A few weeks ago I attended an event where panelists discussed the Charlie Hebdo attacks. One of the panelists asked the audience this question: “Should terrorism be considered a crime against humanity in the International Criminal Court?” The name of the crime intrigued me. I had heard it countless times before, but for the first time I looked at the name of the crime. The name of a crime is important. Hear the word “genocide” and try not to think of “evil.” The same evil might not have been captured by the word “murder.”
I wanted to know for what, exactly, the name stands—a crime against humanity. One possibility is that a crime is so egregious that its commission harms the very notion of what it is to be human. Thus, the crime is not committed against specific persons, but is instead perpetrated against us all. But who is part of “us all”?
Professor Stanley Fish presented, in the same Hebdo event, on the tension that exists between freedom of religion and freedom of expression. Certain religious beliefs mandate physical violence against certain blasphemous expressions, and thus freedom of religion cannot fully cohere with freedom of expression—the expression of a blasphemy might be actionable under certain religious doctrines. Does the terrorist believe under religious law that he must commit violence against blasphemers to save humanity? If so, can his actions be considered a crime against humanity? Under this rough sketch of Professor Fish’s much more eloquent speech, I only hope to highlight that, to the terrorists of the Hebdo massacre, the crime “against” humanity might have been the Hebdo publication.
All of this is to say that a name like terrorism can be flipped on its head, and that terrorist acts are often justified in the terms of protecting humanity. What is more, I would be surprised to discover that such beliefs are anything but sincerely held. That in no way suggests that each interpretation of what counts as protecting the spirit of humanity is well founded. To the contrary, I argue that the problem with the name “crime against humanity” is that it suggests a universal understanding of what conduct is “against” humanity; as one can infer from Professor Fish’s presentation, that conclusion would be too simple.

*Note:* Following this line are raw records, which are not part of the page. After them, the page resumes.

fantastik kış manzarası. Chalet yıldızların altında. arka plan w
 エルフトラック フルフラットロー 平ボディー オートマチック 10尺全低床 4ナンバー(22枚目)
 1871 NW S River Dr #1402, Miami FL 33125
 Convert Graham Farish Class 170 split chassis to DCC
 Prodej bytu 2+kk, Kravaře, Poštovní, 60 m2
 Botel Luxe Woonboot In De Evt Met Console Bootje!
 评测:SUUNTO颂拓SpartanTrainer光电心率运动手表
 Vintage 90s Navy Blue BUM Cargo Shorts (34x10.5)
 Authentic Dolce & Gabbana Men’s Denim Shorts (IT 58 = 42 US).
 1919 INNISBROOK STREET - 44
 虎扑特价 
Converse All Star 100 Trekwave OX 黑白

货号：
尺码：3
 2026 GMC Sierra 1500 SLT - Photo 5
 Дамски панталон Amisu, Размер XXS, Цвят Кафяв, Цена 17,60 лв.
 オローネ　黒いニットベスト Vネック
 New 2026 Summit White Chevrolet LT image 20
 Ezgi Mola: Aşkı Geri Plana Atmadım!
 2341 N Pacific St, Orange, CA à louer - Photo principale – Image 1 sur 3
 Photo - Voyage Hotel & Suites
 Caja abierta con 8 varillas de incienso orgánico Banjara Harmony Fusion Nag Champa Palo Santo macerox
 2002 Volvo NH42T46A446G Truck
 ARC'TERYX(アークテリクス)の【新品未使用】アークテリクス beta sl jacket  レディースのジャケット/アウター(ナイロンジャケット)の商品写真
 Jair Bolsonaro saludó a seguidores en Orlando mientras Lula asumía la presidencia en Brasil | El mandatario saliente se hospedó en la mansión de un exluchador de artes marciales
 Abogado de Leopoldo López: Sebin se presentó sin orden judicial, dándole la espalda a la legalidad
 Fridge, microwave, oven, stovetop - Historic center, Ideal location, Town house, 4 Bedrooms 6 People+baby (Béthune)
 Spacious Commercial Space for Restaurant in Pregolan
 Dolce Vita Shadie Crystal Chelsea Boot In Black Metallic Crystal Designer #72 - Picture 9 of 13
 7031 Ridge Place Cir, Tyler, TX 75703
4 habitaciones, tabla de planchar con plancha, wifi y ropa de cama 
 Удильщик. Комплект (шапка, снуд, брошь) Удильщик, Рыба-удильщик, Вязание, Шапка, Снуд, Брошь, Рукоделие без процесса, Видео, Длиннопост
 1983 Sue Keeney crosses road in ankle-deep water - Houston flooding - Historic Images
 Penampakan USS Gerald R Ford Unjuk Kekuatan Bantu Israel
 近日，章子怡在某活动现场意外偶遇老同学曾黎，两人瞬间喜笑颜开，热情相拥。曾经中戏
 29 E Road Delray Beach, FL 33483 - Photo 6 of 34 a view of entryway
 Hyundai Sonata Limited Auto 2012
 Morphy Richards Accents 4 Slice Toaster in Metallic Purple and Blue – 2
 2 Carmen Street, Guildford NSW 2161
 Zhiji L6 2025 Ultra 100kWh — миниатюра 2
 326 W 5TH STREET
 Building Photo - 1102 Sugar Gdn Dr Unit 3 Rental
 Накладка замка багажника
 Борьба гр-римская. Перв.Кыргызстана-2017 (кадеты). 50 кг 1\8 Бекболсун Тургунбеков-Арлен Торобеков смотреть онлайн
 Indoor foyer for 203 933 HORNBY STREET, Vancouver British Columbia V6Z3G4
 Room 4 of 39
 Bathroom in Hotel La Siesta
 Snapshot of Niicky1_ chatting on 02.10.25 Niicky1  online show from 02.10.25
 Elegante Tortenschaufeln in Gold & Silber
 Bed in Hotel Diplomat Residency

I suggest that the best names for crimes are rigid designators—terms that try to speak only to the actions that they prohibit, and only speak in the form of a separate definition. The best names should also attempt to remain silent as to the moral grounding on which such prohibitions are built.
Maybe terrorism is, in fact, deserving of the name “crime against humanity.” If the name is just rhetoric meant to emphasize the horridness of a crime, fine. However, if the name is meant as a description of a prohibited conduct, then the first task would be to understand how an action might attack the basic spirit common to all humanity, and the second task would be to understand how any crime could ever live up to that name.